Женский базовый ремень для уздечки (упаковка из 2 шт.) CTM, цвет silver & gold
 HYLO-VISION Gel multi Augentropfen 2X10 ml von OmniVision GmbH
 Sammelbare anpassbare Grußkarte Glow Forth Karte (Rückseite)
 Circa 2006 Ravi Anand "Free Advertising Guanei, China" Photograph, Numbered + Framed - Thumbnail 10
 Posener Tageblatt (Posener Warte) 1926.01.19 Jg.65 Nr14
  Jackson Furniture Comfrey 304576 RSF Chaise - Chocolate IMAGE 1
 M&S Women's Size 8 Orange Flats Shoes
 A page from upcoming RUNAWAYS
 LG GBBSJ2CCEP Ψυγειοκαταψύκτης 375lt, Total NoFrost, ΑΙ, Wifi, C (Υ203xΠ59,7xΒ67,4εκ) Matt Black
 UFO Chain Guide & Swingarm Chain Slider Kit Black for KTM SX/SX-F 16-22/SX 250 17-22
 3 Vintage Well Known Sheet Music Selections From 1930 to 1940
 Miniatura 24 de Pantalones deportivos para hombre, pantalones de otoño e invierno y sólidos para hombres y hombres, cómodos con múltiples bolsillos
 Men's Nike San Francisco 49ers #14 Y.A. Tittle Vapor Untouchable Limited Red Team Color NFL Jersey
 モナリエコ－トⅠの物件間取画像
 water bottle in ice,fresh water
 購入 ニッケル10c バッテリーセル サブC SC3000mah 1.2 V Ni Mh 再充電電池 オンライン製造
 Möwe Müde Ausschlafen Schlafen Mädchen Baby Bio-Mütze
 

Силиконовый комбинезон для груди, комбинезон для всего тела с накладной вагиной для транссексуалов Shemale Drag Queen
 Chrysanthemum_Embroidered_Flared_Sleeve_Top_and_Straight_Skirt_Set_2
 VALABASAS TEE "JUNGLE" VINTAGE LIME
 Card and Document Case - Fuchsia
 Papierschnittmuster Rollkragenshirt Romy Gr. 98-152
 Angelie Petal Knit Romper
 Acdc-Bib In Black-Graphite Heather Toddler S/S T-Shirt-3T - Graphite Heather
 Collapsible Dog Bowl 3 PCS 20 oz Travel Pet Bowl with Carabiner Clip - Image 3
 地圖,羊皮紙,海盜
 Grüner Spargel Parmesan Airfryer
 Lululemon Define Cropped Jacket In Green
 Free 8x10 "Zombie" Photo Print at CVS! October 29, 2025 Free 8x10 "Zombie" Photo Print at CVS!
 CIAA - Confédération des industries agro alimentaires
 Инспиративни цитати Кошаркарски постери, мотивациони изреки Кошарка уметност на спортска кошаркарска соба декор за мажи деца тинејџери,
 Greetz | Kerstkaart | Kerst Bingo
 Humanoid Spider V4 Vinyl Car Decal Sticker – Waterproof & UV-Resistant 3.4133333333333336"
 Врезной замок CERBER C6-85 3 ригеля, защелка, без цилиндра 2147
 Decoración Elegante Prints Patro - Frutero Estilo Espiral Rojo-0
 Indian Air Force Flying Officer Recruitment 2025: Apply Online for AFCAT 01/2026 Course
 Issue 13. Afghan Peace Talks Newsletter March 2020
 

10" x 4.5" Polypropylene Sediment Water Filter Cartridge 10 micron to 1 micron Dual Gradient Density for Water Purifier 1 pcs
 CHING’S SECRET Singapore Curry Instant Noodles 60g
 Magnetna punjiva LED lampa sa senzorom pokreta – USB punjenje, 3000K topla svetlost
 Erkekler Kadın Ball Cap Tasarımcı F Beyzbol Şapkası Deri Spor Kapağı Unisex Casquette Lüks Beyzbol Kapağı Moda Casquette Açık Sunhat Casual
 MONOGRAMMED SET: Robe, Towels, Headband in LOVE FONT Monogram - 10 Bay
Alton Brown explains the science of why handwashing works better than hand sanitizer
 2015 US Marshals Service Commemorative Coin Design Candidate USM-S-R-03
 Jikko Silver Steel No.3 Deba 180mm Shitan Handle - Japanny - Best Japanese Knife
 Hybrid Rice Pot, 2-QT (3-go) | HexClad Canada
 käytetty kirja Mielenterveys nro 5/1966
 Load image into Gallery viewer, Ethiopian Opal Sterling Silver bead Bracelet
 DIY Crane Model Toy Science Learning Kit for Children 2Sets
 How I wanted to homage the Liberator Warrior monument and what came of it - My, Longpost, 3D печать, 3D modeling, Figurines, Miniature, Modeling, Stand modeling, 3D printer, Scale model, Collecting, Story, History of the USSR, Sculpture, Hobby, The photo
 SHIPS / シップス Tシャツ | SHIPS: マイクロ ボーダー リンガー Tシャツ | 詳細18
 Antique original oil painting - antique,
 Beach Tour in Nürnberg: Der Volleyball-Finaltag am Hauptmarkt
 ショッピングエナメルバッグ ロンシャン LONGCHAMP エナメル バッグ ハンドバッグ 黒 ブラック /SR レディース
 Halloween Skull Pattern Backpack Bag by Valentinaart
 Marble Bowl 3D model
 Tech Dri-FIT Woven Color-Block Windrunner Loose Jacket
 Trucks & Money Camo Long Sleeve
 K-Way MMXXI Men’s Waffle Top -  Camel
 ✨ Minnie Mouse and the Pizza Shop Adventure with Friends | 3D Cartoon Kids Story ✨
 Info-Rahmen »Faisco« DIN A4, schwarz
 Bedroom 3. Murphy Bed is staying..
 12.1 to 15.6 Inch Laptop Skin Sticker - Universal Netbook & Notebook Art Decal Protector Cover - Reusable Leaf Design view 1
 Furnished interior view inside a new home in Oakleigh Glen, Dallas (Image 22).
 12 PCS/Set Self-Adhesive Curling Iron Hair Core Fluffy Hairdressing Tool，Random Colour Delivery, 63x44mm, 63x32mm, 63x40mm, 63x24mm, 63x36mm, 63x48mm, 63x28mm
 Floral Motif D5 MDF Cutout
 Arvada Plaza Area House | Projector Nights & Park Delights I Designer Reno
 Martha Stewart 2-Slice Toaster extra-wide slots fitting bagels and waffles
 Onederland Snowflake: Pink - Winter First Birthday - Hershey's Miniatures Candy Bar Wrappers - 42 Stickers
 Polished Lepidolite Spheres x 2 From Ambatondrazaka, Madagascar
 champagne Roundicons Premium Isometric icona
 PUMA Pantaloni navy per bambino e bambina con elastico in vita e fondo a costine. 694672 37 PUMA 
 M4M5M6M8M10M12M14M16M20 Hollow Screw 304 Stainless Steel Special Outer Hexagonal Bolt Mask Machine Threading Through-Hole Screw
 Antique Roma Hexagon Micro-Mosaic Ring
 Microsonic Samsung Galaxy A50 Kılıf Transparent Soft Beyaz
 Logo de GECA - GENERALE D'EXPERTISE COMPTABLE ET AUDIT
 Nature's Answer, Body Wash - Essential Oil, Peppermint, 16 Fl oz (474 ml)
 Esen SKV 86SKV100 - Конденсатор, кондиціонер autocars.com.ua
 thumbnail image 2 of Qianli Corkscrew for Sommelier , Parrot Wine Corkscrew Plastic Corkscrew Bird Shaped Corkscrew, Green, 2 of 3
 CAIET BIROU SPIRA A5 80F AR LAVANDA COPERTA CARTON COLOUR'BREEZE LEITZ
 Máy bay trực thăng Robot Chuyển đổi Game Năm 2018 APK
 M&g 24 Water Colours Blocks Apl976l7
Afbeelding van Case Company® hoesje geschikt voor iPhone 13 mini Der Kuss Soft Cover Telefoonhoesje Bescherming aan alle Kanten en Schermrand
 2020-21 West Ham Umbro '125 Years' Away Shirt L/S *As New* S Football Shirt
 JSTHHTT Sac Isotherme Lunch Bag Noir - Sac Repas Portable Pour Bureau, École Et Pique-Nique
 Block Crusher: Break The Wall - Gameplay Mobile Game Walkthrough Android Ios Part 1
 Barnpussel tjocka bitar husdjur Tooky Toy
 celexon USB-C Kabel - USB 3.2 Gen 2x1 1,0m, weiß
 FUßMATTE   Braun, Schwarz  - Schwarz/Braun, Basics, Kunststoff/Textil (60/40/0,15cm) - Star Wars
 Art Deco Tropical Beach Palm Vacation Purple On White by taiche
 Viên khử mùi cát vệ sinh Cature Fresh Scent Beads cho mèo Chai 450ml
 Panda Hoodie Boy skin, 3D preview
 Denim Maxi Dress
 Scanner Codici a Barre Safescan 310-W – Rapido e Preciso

■ **Task description**: In the listing above, find the line containing "ショッピングエナメルバッグ ロンシャン LONGCHAMP" and the line containing "K-Way MMXXI Men’s", then retype both and every line between them exactly, with nothing else.

■ **Finished exercise**:
 ショッピングエナメルバッグ ロンシャン LONGCHAMP エナメル バッグ ハンドバッグ 黒 ブラック /SR レディース
 Halloween Skull Pattern Backpack Bag by Valentinaart
 Marble Bowl 3D model
 Tech Dri-FIT Woven Color-Block Windrunner Loose Jacket
 Trucks & Money Camo Long Sleeve
 K-Way MMXXI Men’s Waffle Top -  Camel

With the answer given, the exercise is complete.